Start of Block

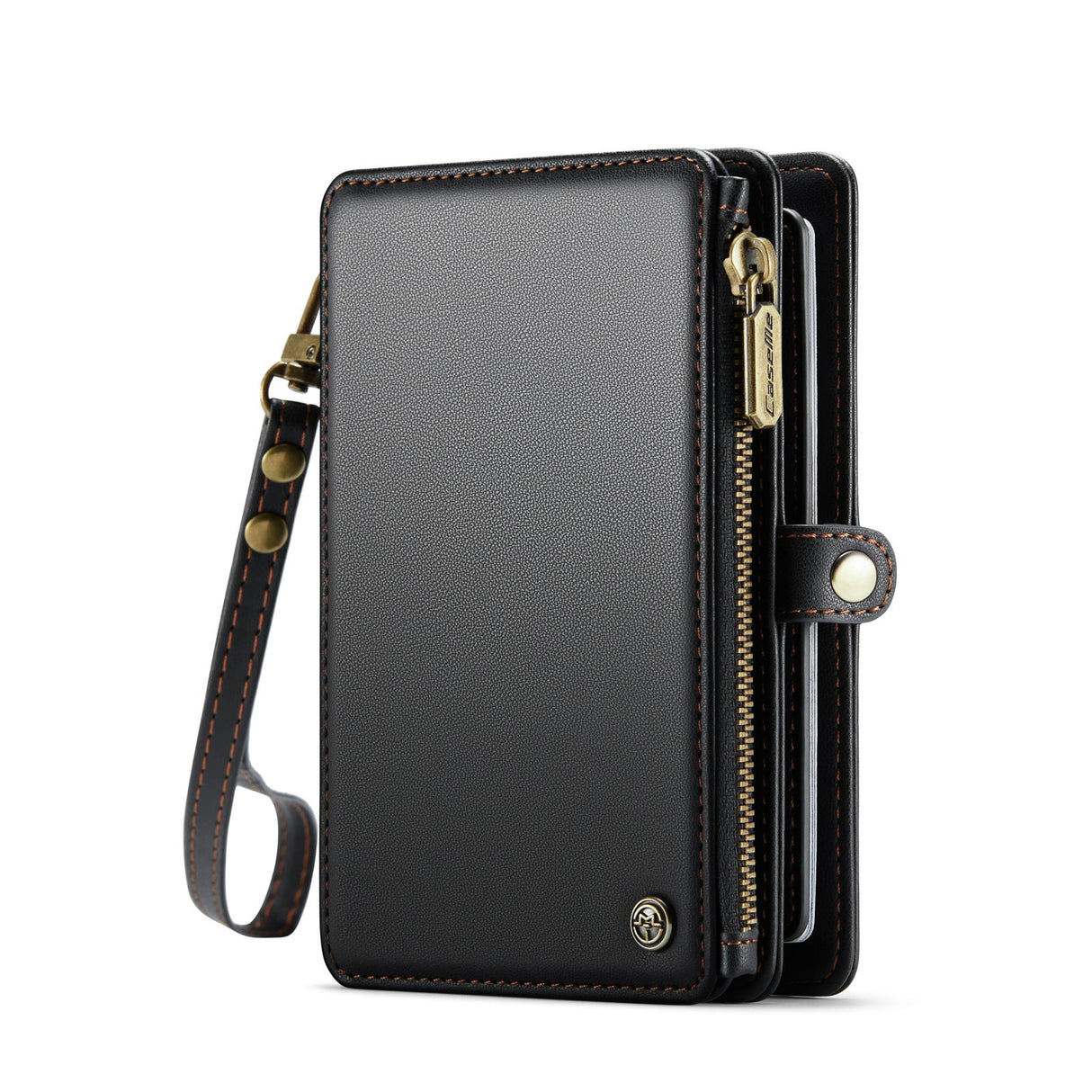 Passport Holder Wallet Case - Yorkn Inc✅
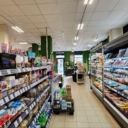 Продажа помещения с арендаторами "ВкусВилл" и "Винлаб"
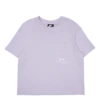 Nike Women's NSW Swoosh Tee Iced 2 Nike Women's NSW Swoosh Tee Iced -SoleStory Butik 60567 00 001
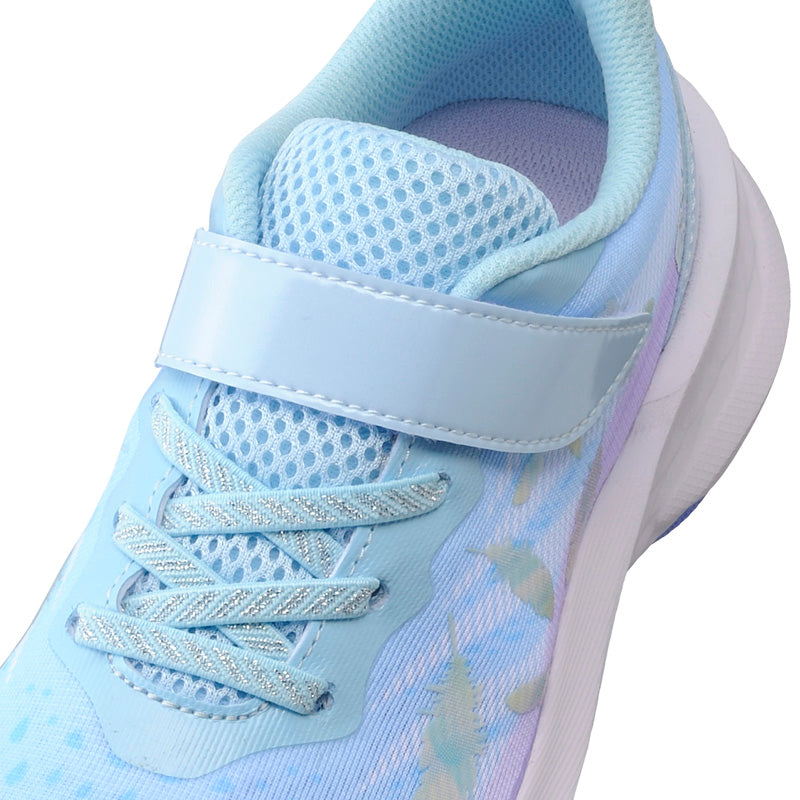 瞬足 LJ-823 サックス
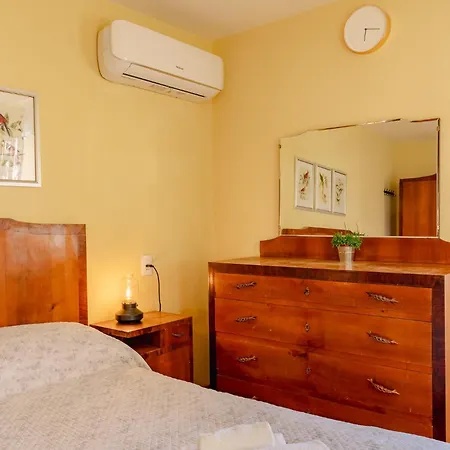 Garda Doma Bed & Breakfast *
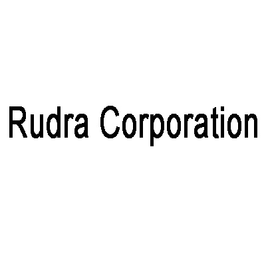 Rudra Corporation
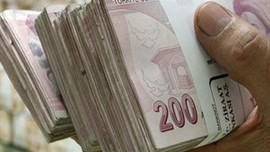 1 Ekim'de emeklilik için yeni dönem!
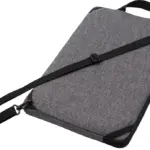 BrandCharger laptoptas Specter Go | Laptop 14" — productfoto 5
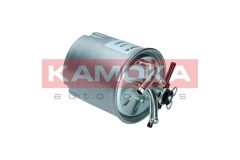 KAMOKA F320001 — Filtru combustibil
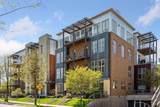 2840 Bryant Avenue - Photo 41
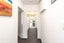 18 Suther Street, Waverley, Waverley - Carousel 35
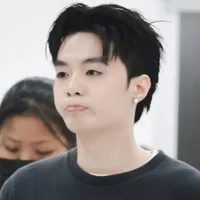 Đặng Thành An 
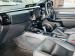 Toyota Hilux 2.8GD-6 double cab 4x4 Legend RS auto - Thumbnail 7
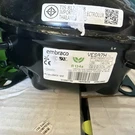 New Genuine Oem Electrolux Frigidaire 5304520946 Compressor And Inverter. Fixed Price $139.99.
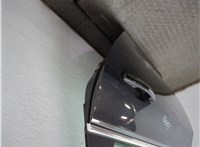 124110, 13270585 Дверь боковая (легковая) Opel Astra J 2010-2017 21137778 #14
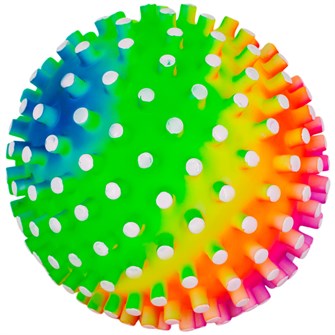 {{photo.Alt || photo.Description || 'Мяч антистресс 20 см 141V-572'}}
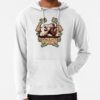 ssrcolightweight hoodiemensfafafaca443f4786frontsquare productx1000 bgf8f8f8 24 - English Bulldog Merch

End of Block

▶ [TASK PROMPT]
In the records above, find the line that contains "New Genuine Oem" and retype it and all lines after it exactly, leaving out any pictures.

▶ [YOUR RESPONSE]
 New Genuine Oem Electrolux Frigidaire 5304520946 Compressor And Inverter. Fixed Price $139.99.
 124110, 13270585 Дверь боковая (легковая) Opel Astra J 2010-2017 21137778 #14
 {{photo.Alt || photo.Description || 'Мяч антистресс 20 см 141V-572'}}
 ssrcolightweight hoodiemensfafafaca443f4786frontsquare productx1000 bgf8f8f8 24 - English Bulldog Merch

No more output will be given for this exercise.